**Material for this task**
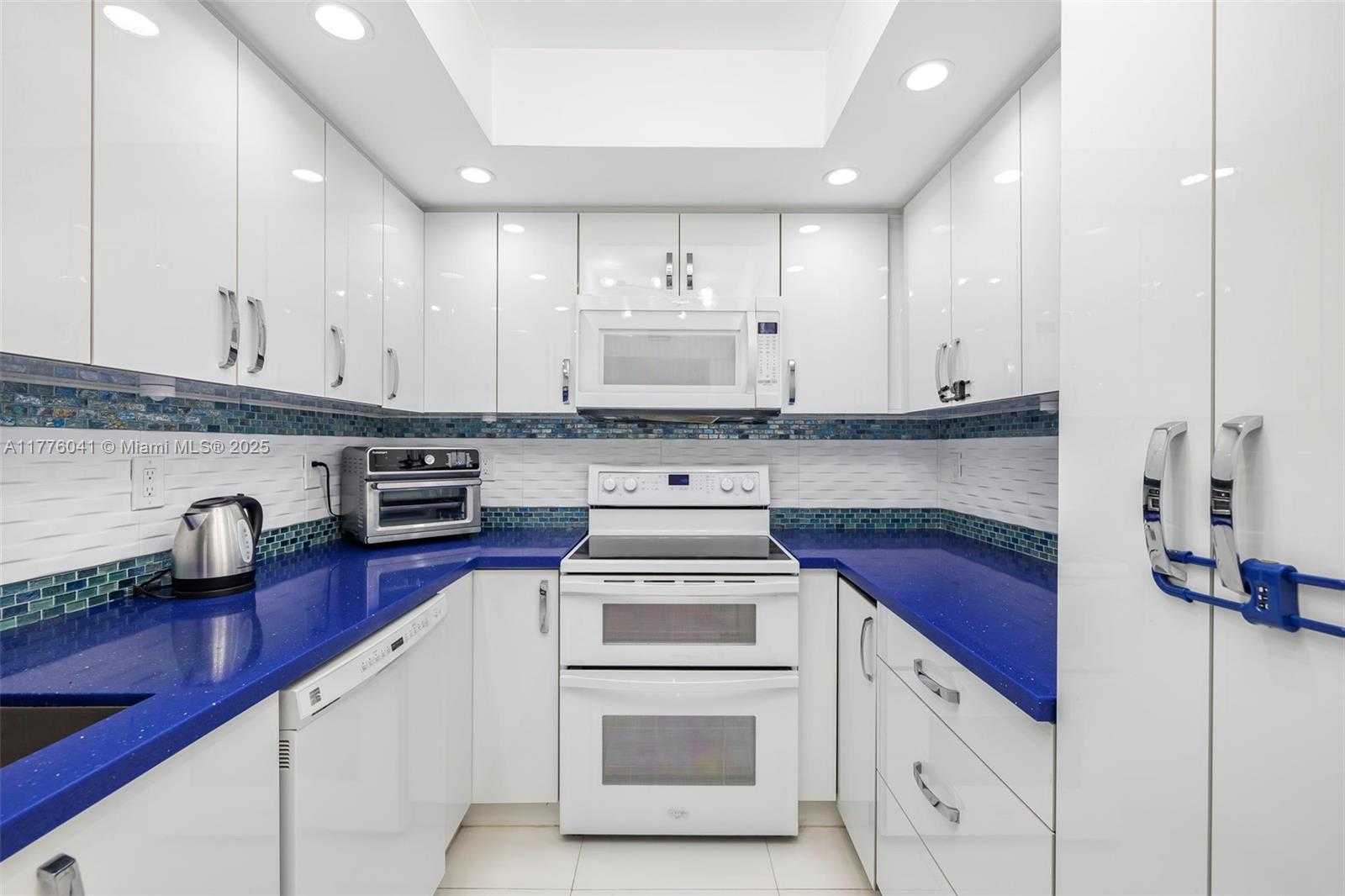 Small Image of 9511 COLLINS AVE #1202, Surfside Number 6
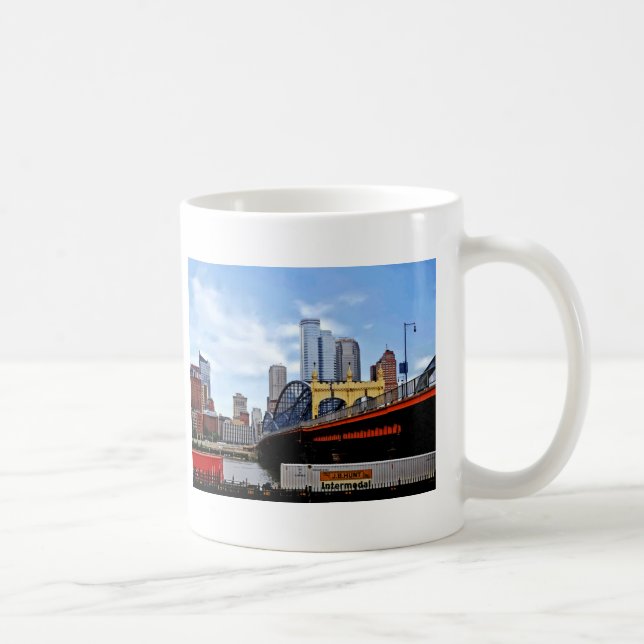 Pittsburgh PA - Bahn by Smithfield St Bridge Kaffeetasse (Rechts)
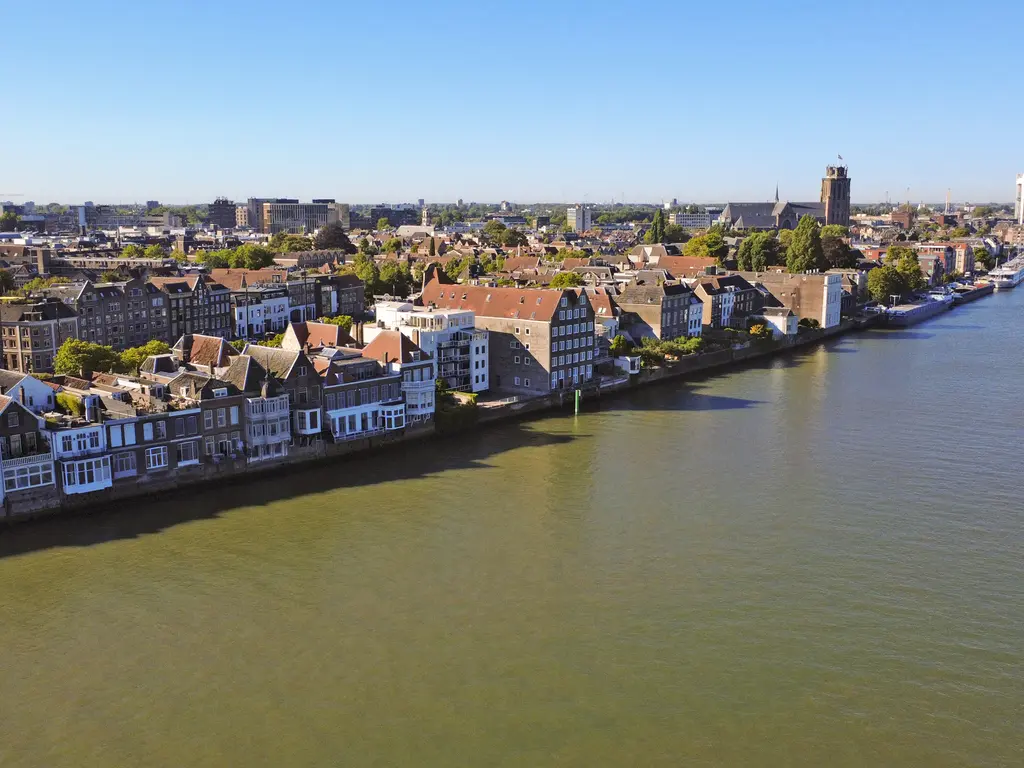Wolwevershaven 29, DORDRECHT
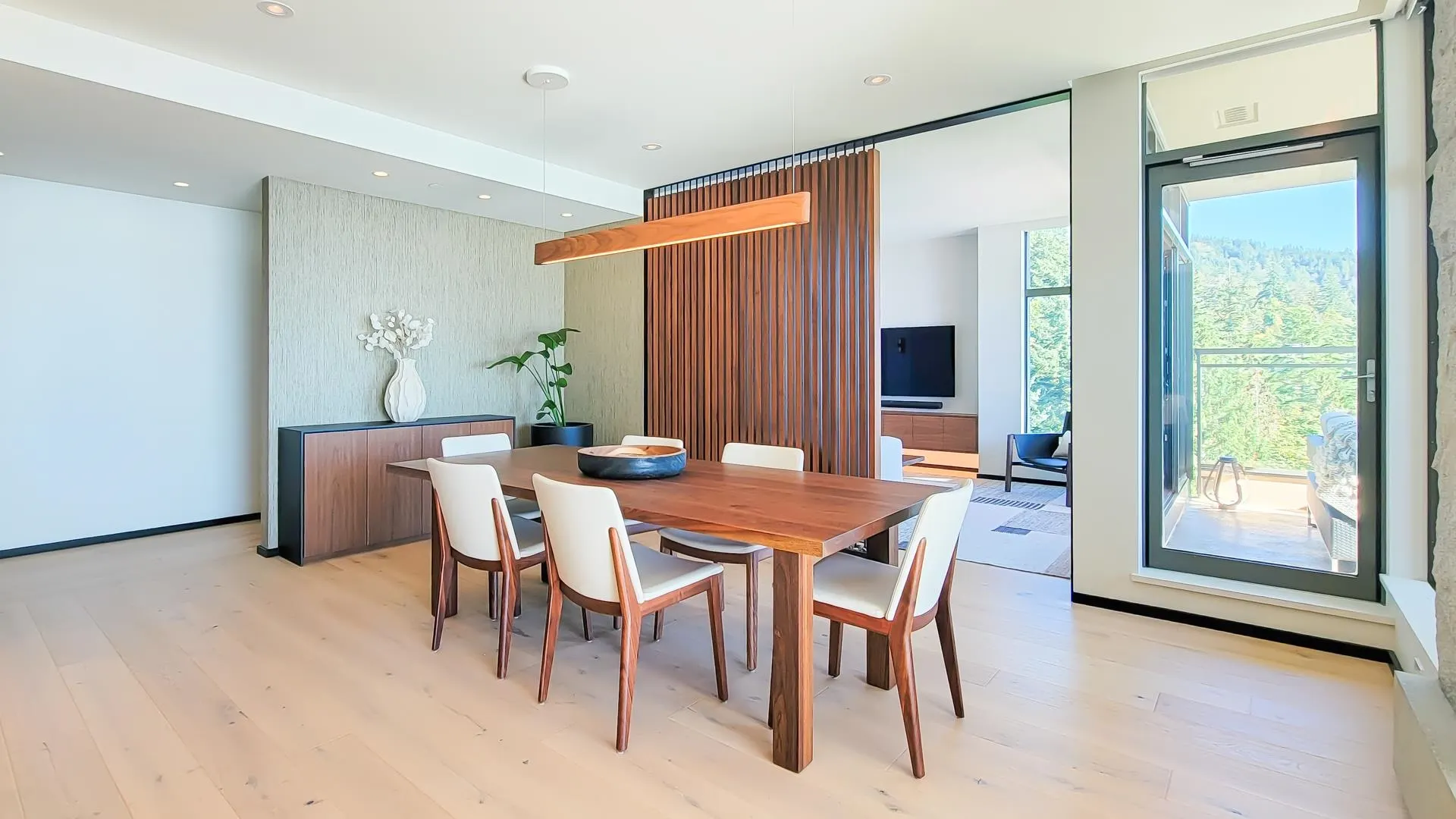 1201 3315 Cypress Place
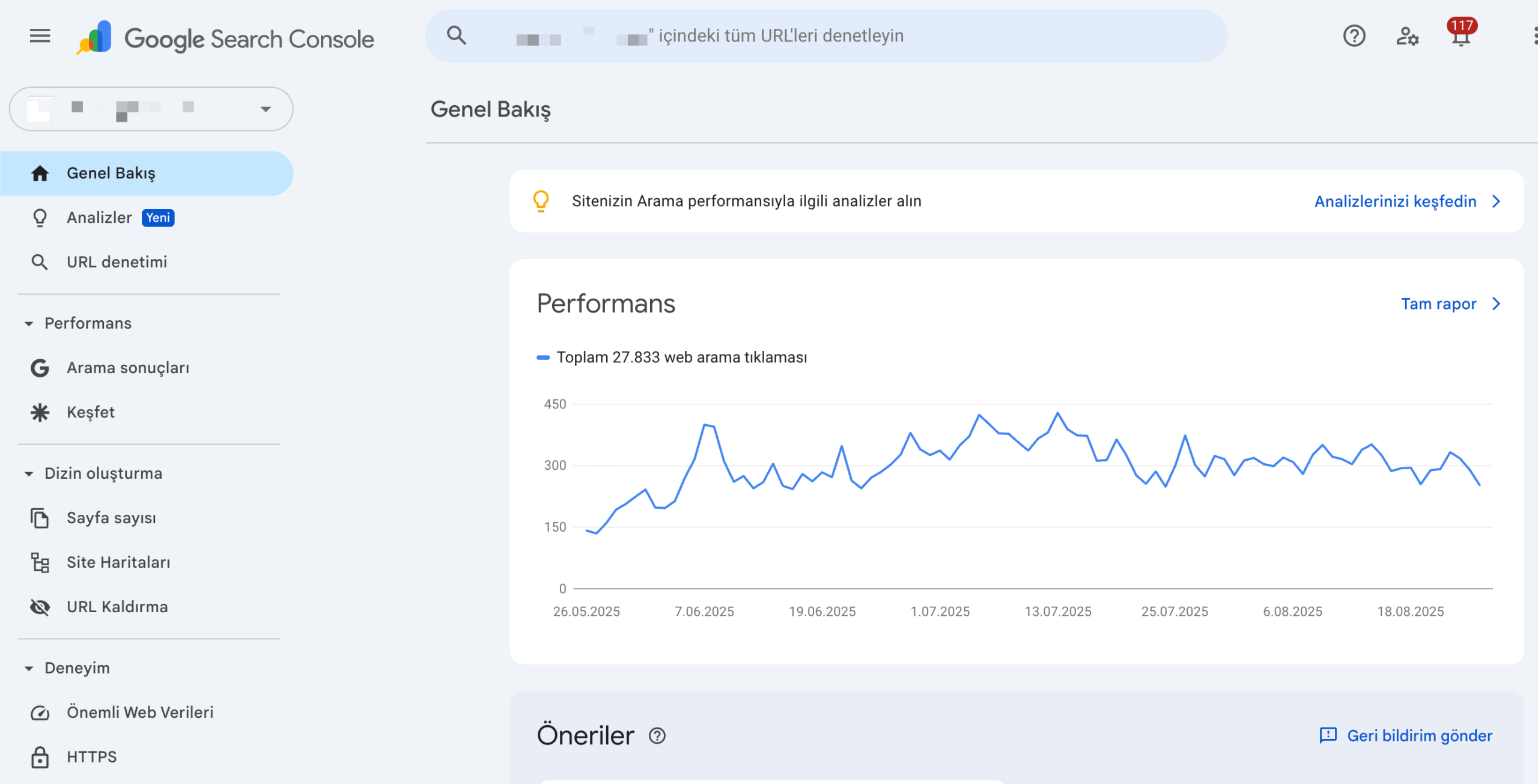 Google Search Console arayüzü genel bakış ekranı. Sol menüde rapor başlıkları (Performans, Dizinleme, Deneyim, vs.) ve ortada performans grafiği ile URL denetleme arama çubuğu görülüyor.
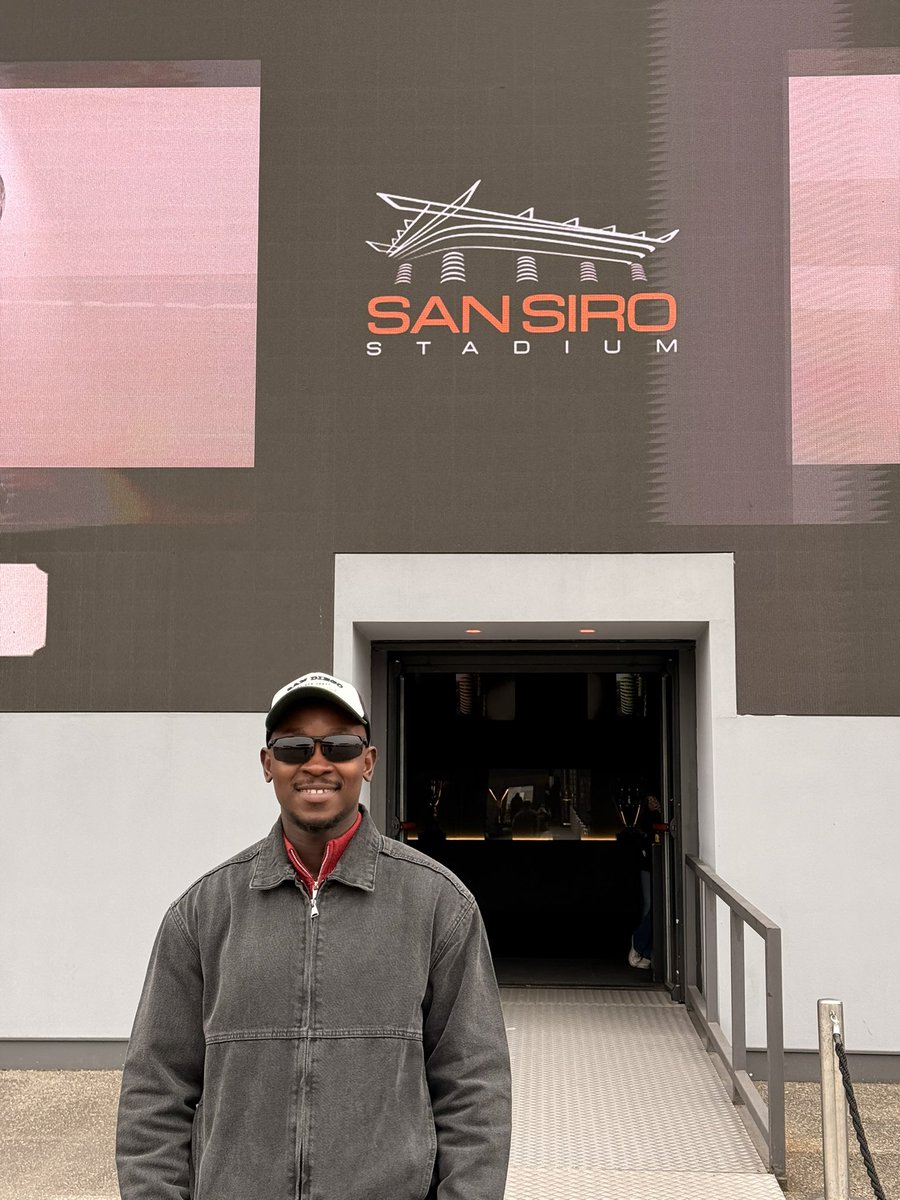 sadoc_king's tweet photo. 📍 San Siro 🇮🇹 biggest stadium in Italy https://t.co/GK4AsQ0J3c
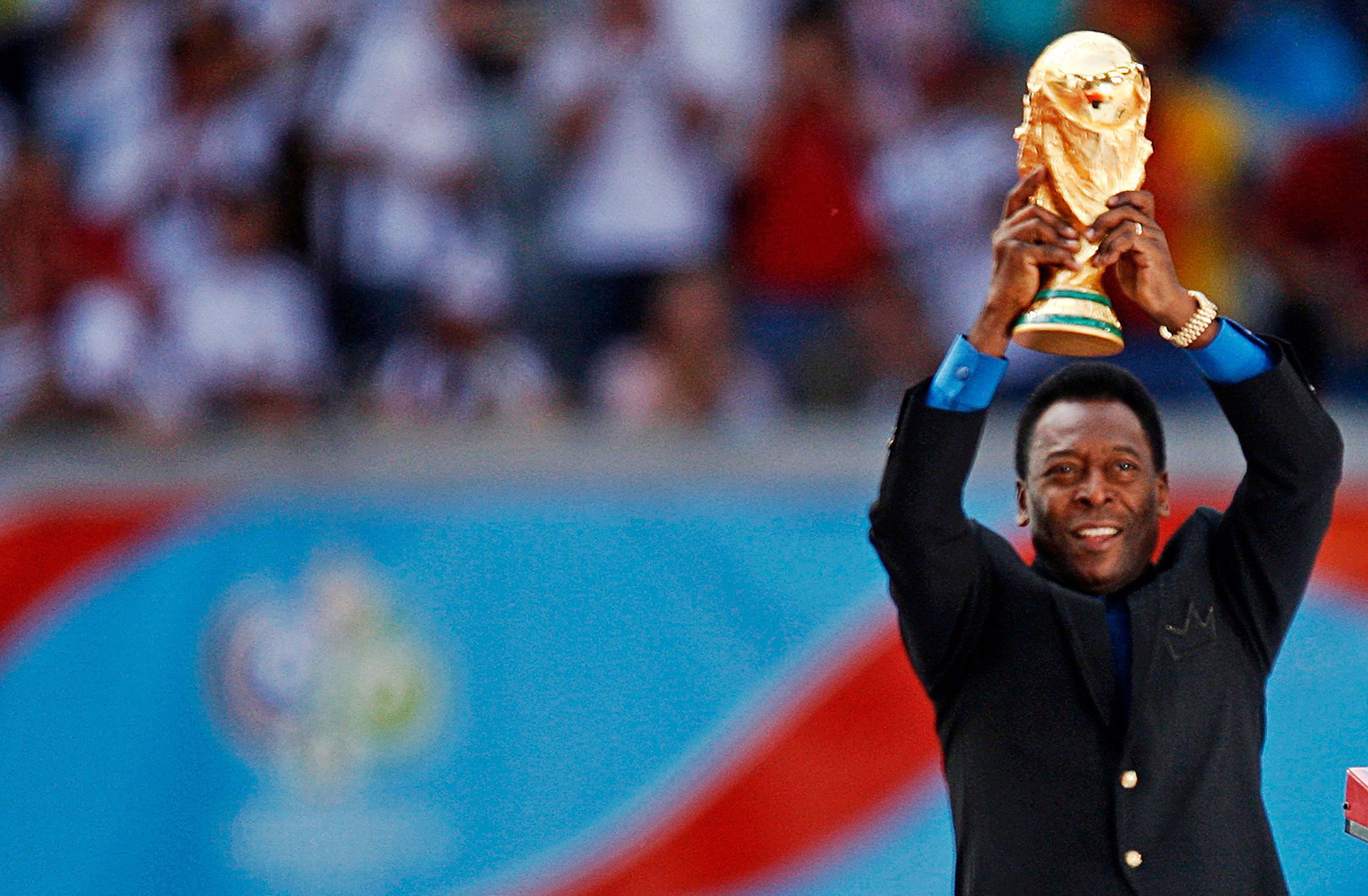 Pelé es el único tricampeón mundial de la historia (REUTERS/Dylan Martinez)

**Exercise requirements**
A word-for-word copy is needed of the lines from the line holding "Pittsburgh PA - Bahn" through the end of the records, both included, excluding every picture.

**Completed exercise**
 Pittsburgh PA - Bahn by Smithfield St Bridge Kaffeetasse (Rechts)
Wolwevershaven 29, DORDRECHT
 1201 3315 Cypress Place
 Google Search Console arayüzü genel bakış ekranı. Sol menüde rapor başlıkları (Performans, Dizinleme, Deneyim, vs.) ve ortada performans grafiği ile URL denetleme arama çubuğu görülüyor.
 sadoc_king's tweet photo. 📍 San Siro 🇮🇹 biggest stadium in Italy https://t.co/GK4AsQ0J3c
 Pelé es el único tricampeón mundial de la historia (REUTERS/Dylan Martinez)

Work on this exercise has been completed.